Larry Trowell, NetSPI’s Director of IoT and Embedded Pentesting, was featured in Network Computing’s latest article on securing Industrial IoT (IIoT) networks. Read a preview below or view it online here.


Misconfiguration, ransomware, and alert fatigue could lead to downtime on industrial IoT networks in industries such as manufacturing and energy.

As IT, cloud, and industrial networks come together in industrial environments like shipping ports, oil refineries, and factories, organizations are facing new security threats.

In fact, Cisco says 35% of its customers mention security as a top obstacle to IoT. In addition, in the report “The State of Industrial Security in 2022” from Barracuda Networks, 93% of businesses reported that an IIoT/OT security project had failed.

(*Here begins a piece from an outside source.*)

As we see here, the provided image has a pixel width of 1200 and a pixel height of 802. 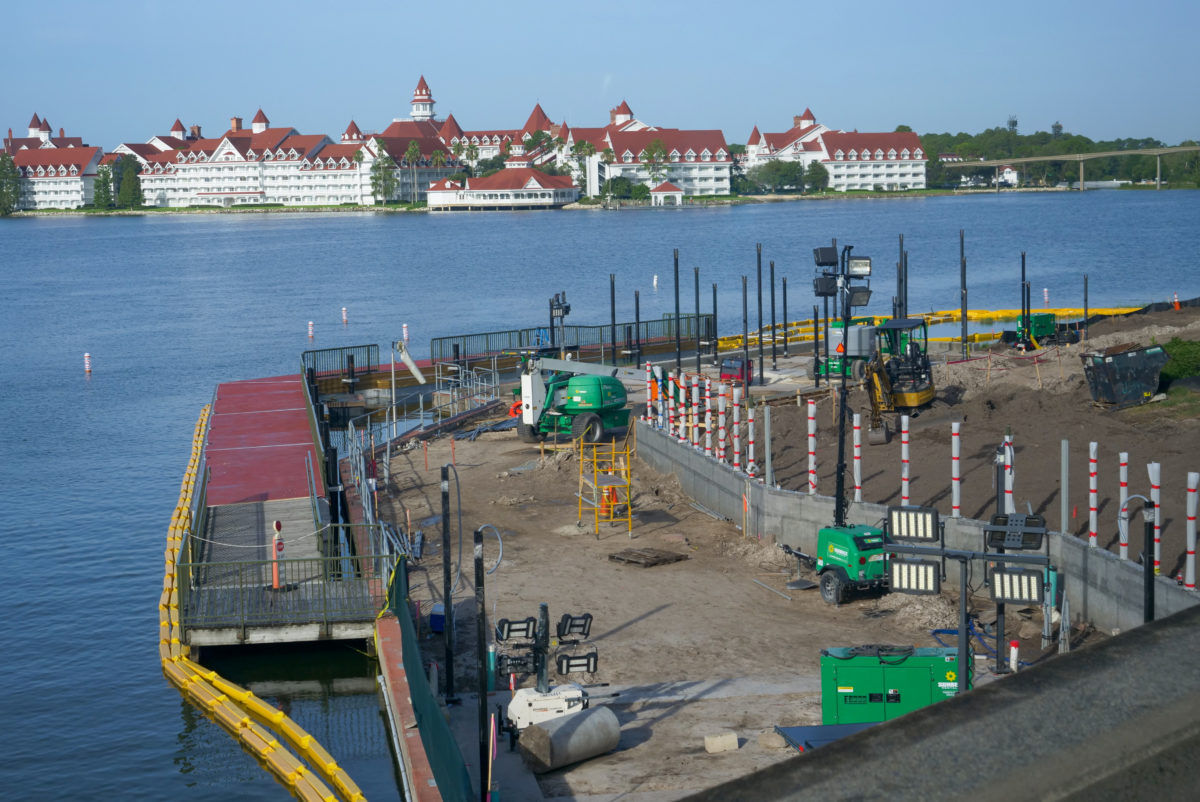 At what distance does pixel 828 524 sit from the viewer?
25.0 m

In an Industrial IoT (IIoT) environment, networks, switches, routers, and wireless equipment connect to sensors on physical machinery. Because IIoT networks incorporate automation, they could bring new efficiencies by collecting data at the edge and enabling visibility into issues ahead of time. This process is called the Fourth Industrial Revolution, or Industry 4.0.

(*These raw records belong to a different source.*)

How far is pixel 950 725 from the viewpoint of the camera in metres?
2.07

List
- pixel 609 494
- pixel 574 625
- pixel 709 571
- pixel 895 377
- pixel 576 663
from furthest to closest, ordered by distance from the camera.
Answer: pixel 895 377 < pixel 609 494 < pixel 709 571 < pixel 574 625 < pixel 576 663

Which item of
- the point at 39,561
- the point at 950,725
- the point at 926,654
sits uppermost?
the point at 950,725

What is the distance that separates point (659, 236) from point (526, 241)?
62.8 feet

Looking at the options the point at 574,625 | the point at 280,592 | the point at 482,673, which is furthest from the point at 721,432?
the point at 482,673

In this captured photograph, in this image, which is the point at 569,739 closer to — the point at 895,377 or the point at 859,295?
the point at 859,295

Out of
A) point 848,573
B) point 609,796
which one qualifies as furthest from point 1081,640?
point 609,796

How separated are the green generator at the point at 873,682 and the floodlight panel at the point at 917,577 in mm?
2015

“Industrial IoT is basically bringing the [operational technology (OT)] and the IT together to get deeper insights in process telemetry and to use that to really improve the efficiency or deliver new services,” explains Anand Oswal, senior vice president and general manager of network security at Palo Alto Networks, in an interview.

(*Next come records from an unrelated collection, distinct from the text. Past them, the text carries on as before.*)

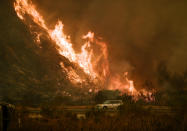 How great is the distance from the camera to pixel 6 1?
177 feet

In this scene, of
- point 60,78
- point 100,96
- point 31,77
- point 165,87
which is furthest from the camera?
point 60,78

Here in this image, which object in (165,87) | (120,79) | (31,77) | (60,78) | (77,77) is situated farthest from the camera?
(120,79)

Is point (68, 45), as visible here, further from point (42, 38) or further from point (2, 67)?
point (2, 67)

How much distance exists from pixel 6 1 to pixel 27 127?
52771 millimetres

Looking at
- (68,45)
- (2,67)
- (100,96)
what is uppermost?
(68,45)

These devices are typically built on a flat Layer 2 segmented architecture, according to Oswal. Flat networks link devices to a single switch rather than separate switches, and Layer 2 is the data layer in the International Organization for Standardization (ISO) reference model for system interconnection.

As “things” get connected, network operators must pay more attention to the attack surface, Oswal notes.

“Threats move laterally, and exposure of formally isolated OT systems may cause potential cyber threats from the IT domain and back and forth,” Oswal says. “Many of these IoT systems are part of larger operations. If these systems are disrupted, there could be loss of important data telemetry that lead to production decisions, poor analytics, or stoppage of operations,” Oswal notes. It could also lead to loss of life.

The Pace of Patching in Industrial IoT

Industries like manufacturing and oil and gas use older legacy systems that are lacking in security systems and were not designed for patching, explains Larry Trowell, director at penetration-testing company NetSPI.

“While these systems get the job done well when maintained, they were not necessarily built with modern security in mind,” he says.